После этих слов он окончательно перестал владеть собой, быстро заходил взад и вперед, пока наконец не перешел на бег; он размахивал руками как ветряная мельница, и его восклицания были похожи на бред. Суть их сводилась к тому, что он ничего, ничего не отрицает. Мне оставалось только сидеть в стороне и повторять: «Calmez vous, calmez vous», – пока его возбуждение не выдохлось.
Должен признаться, что уже после того, как он заполз под свою москитную сетку, я еще долго не уходил. Он умолял меня не оставлять его одного; и я – во имя человечности – сидел с ним, как с беспокойным ребенком, пока он не уснул.
В общем и целом я склоняюсь к тому, что анархист в нем сидел куда глубже, нежели он готов был признаться себе или мне. И потому, оставив за скобками его особенную во всех отношениях историю, Поля можно поставить в один ряд со многими анархистами. Горячее сердце, неокрепший ум – вот альфа и омега этой трагедии. Правда в том, что неразрешимые противоречия и гибельные конфликты тлеют в каждой душе, открытой для чувств и страстей.
Я наводил справки и могу подтвердить, что историю о бунте каторжников он изложил во всех подробностях и совершенно правдиво.
По возвращении в Орту из Кайенны, я видел «анархиста» еще раз. Выглядел он не лучшим образом.
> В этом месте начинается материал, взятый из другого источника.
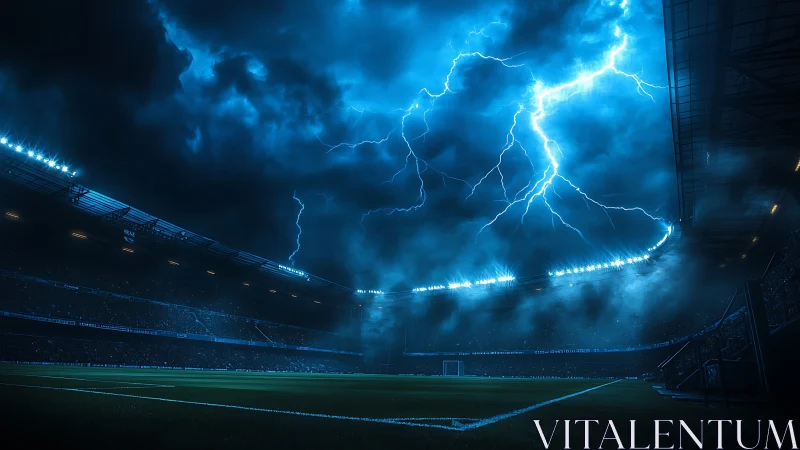 Night football stadium under intense lightning storm sky.
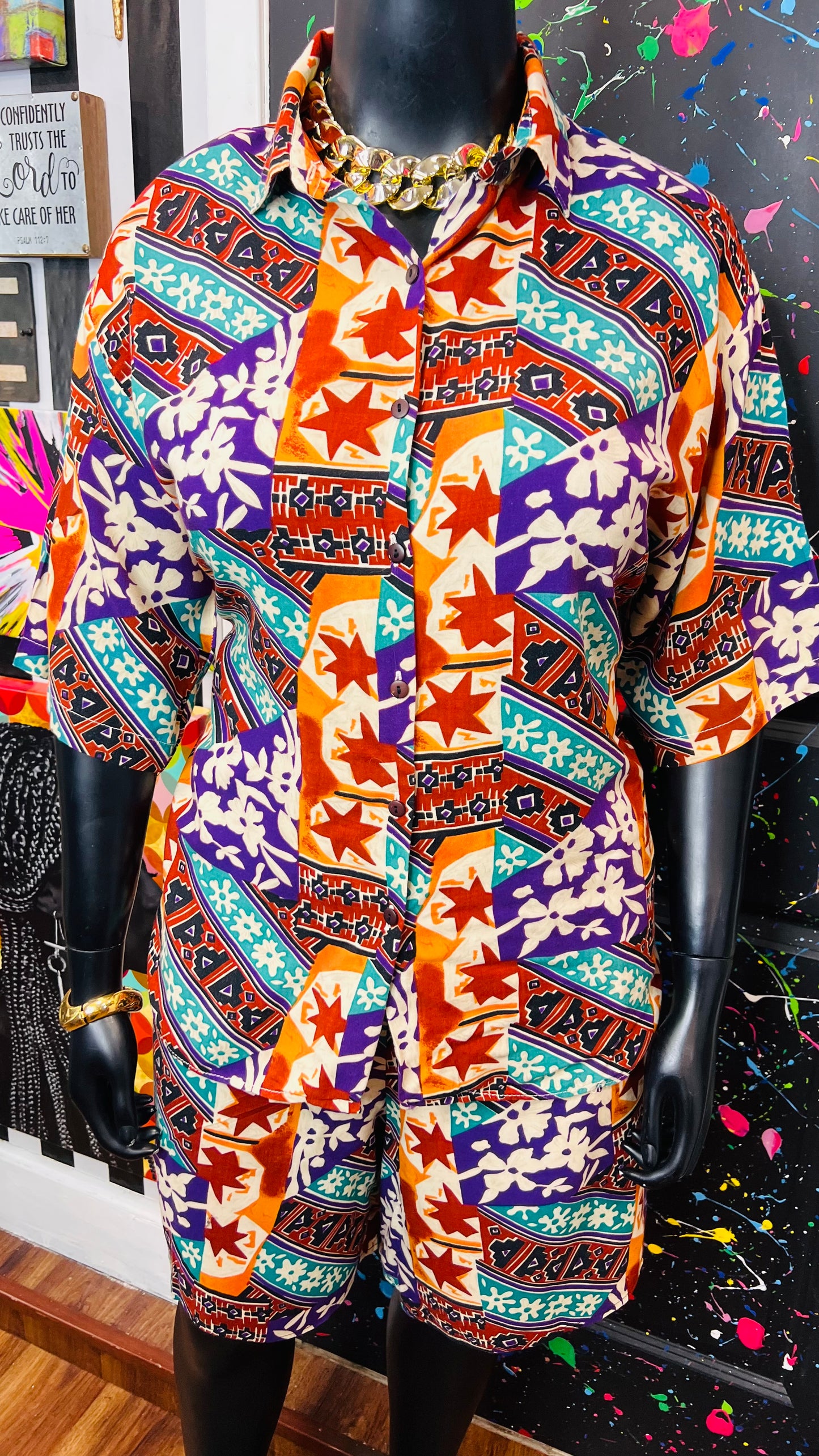 Vintage Rayon Abstract Shorts Set (20)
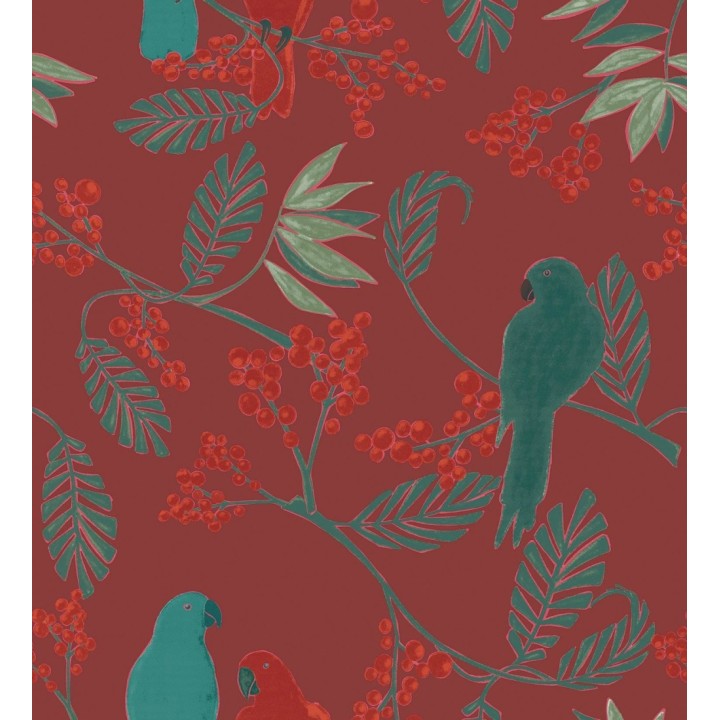 Papel pintado loros fondo rojo pasión - Myoko Botanic 127224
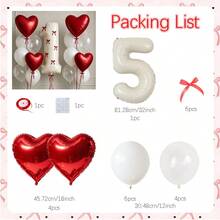 23pcs Red Bow Balloons Set, Includes 32-Inch 0-9 Cream White Number Foil Balloons, With Ribbon Bow Decorations. Perfect For Birthday Party Decor, Couples Anniversary And Valentine's Day Celebration. Romantic Party Decorations. - Red - View 12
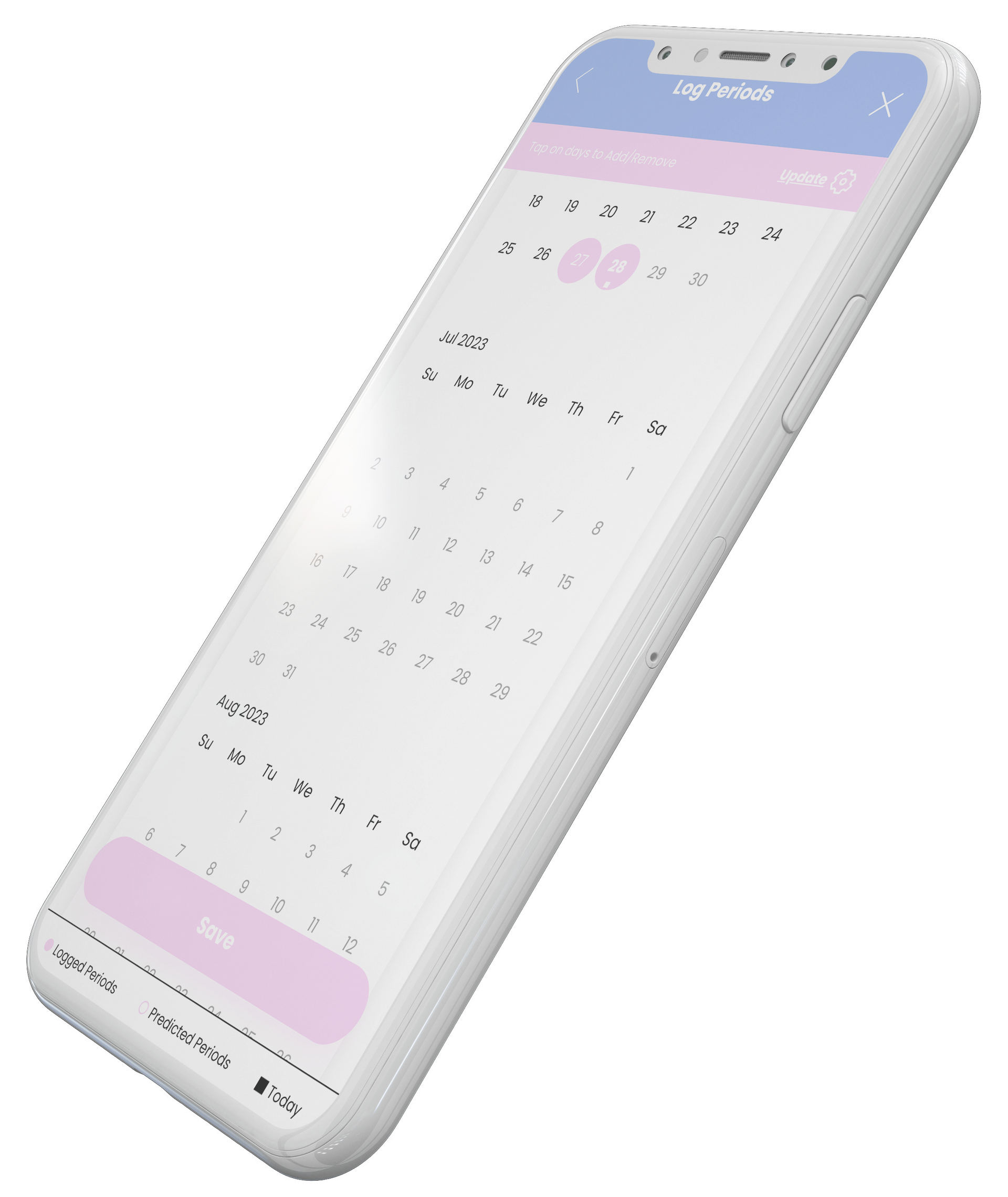 A white cell phone with a calendar on the screen.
Он еще больше исхудал, и его болезненная бледность была заметна даже под пятнами сажи, неизбежными для людей его профессии. Очевидно, рацион из мяса головного стада компании (в неконцентрированном виде) не подходил ему совершенно.
Мы встретились в Орте на причале; я пытался уговорить его оставить катер там, где он пришвартован, и немедленно ехать со мной в Европу. Приятно было представить изумление и ярость выдающегося управляющего, когда он узнает о побеге. Но он был непоколебим.
«Вы же не собираетесь остаться тут навсегда!» – воскликнул я. Он покачал головой.
«Я умру здесь», – сказал он. И добавил, нахмурившись: «Подальше от них».
Иногда я представляю, как он лежит с открытыми глазами на своей упряжи среди инструментов и ржавого железа – когда-то анархист, а ныне раб хозяйства Мараньон, – и смиренно ждет сна, что «бежит от него», как он выражался в своей неповторимой манере.
История ироническая
Мистер Икс приехал ознакомиться с моей коллекцией китайской бронзы и фарфора. О его визите я узнал заблаговременно из письма своего давнего парижского приятеля.
Приятель мой тоже коллекционер. Но собирает он не фарфор с бронзой, не картины или медали и не марки – то, что могло бы с выгодой уйти с молотка, его не интересует. Наверное, он бы искренне удивился, если б его представили коллекционером. Тем не менее по природе своей он именно что собиратель. И собирает он знакомства. Дело это деликатное. Он вкладывает в него всю страсть, целеустремленность и терпение истинного собирателя раритетов. В его коллекции нет королевских особ – видимо, он считает их недостаточно редкими и стоящими внимания. Но, за этим исключением, он встречался и общался с каждым, кто по той или иной причине представлял интерес. Он их наблюдает, выслушивает, пальпирует, обмеряет и помещает воспоминания о них в галереи своей памяти. Он оплел сетями всю Европу и неустанно путешествует, пополняя свою коллекцию незаурядных личных знакомств.